[Captioned web image data]
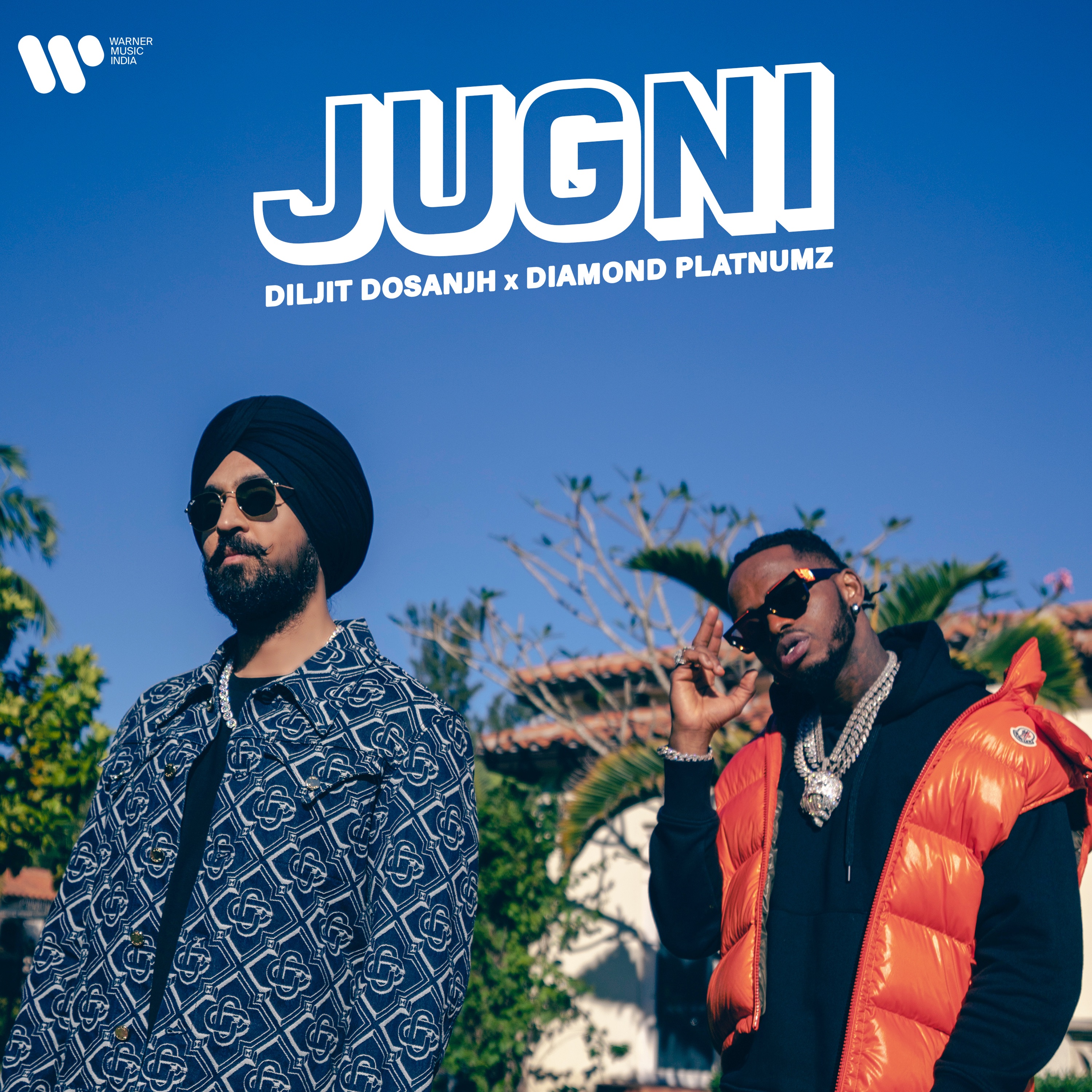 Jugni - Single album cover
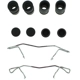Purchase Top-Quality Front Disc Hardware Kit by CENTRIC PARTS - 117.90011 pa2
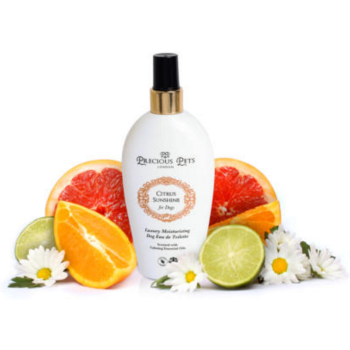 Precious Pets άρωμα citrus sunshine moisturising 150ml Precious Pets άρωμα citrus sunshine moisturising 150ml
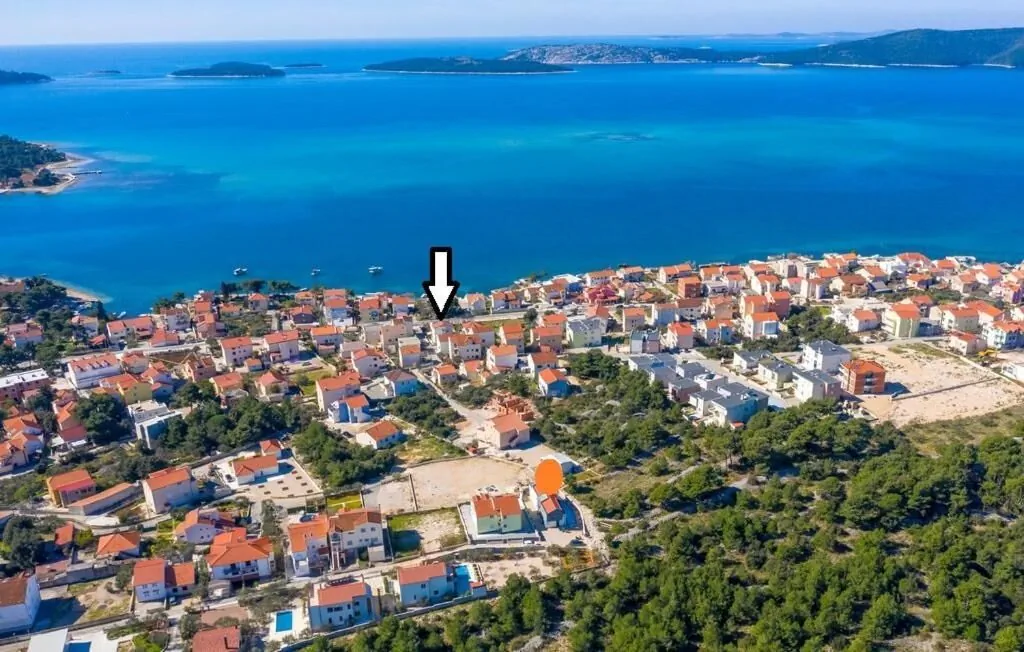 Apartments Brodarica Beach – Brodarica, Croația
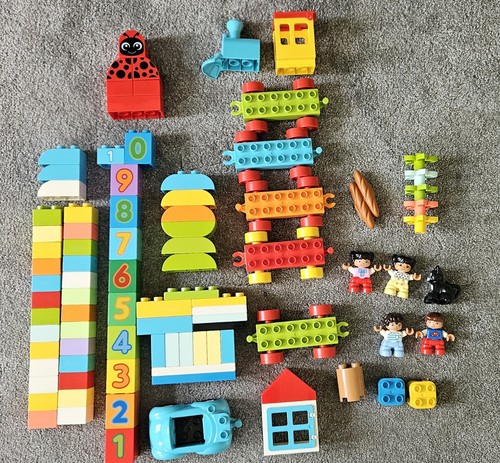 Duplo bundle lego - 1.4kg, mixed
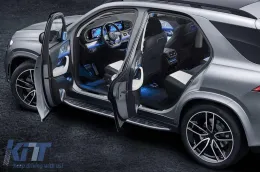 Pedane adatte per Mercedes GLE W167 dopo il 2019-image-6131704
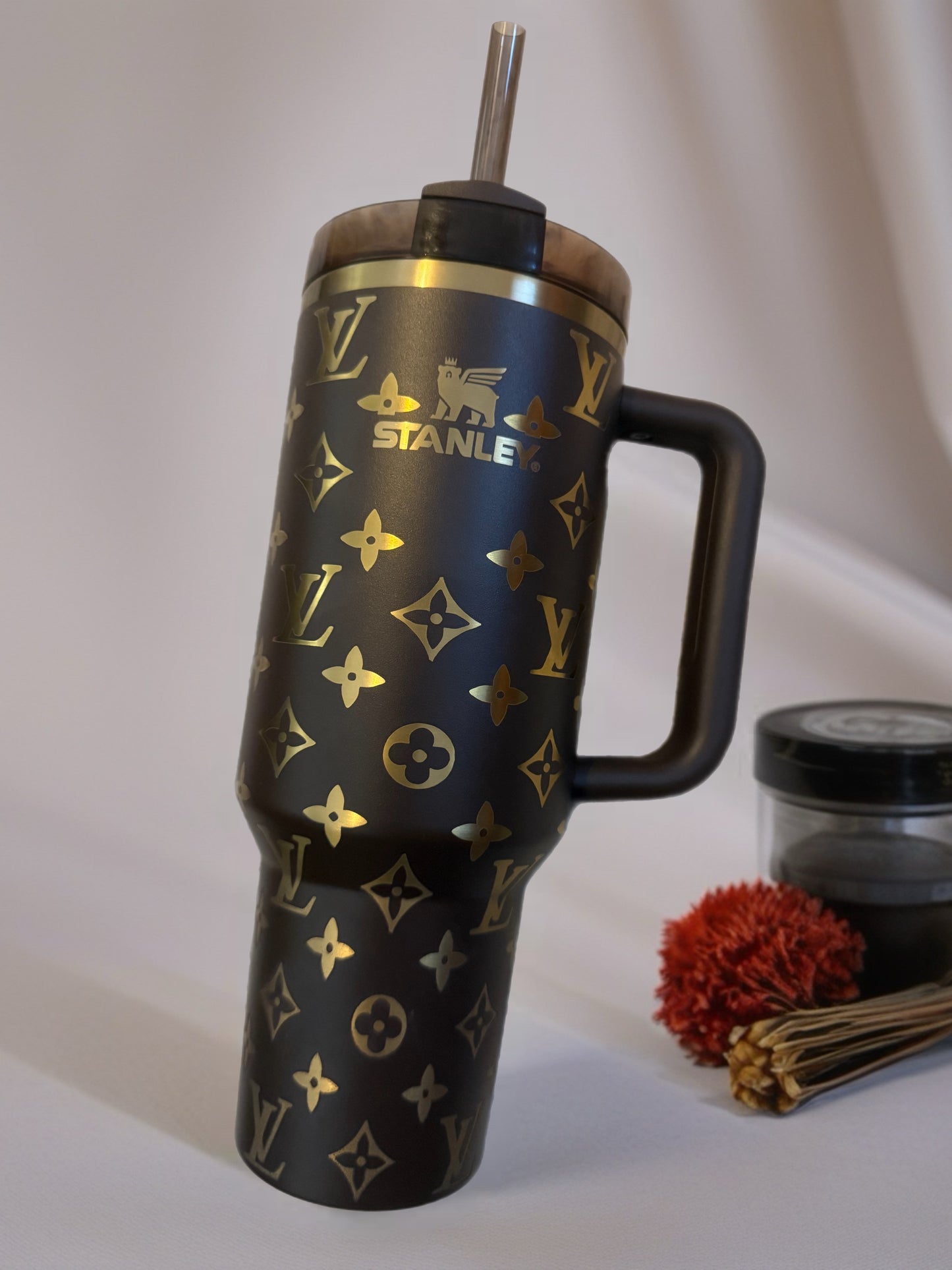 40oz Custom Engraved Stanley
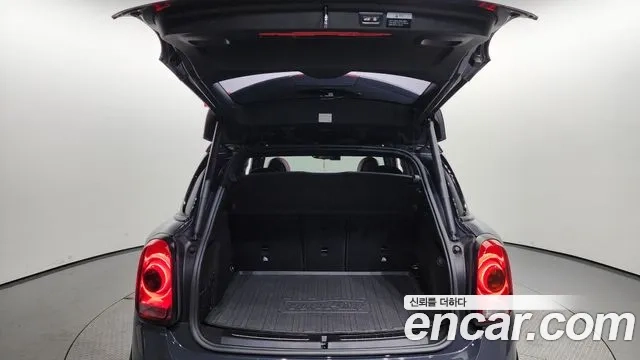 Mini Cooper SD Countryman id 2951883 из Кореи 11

# Problem details
Your reply is the full set of entries reproduced exactly, with images omitted.

# Output below
 Jugni - Single album cover
Purchase Top-Quality Front Disc Hardware Kit by CENTRIC PARTS - 117.90011 pa2
 Precious Pets άρωμα citrus sunshine moisturising 150ml Precious Pets άρωμα citrus sunshine moisturising 150ml
 Apartments Brodarica Beach – Brodarica, Croația
 Duplo bundle lego - 1.4kg, mixed
 Pedane adatte per Mercedes GLE W167 dopo il 2019-image-6131704
 40oz Custom Engraved Stanley
 Mini Cooper SD Countryman id 2951883 из Кореи 11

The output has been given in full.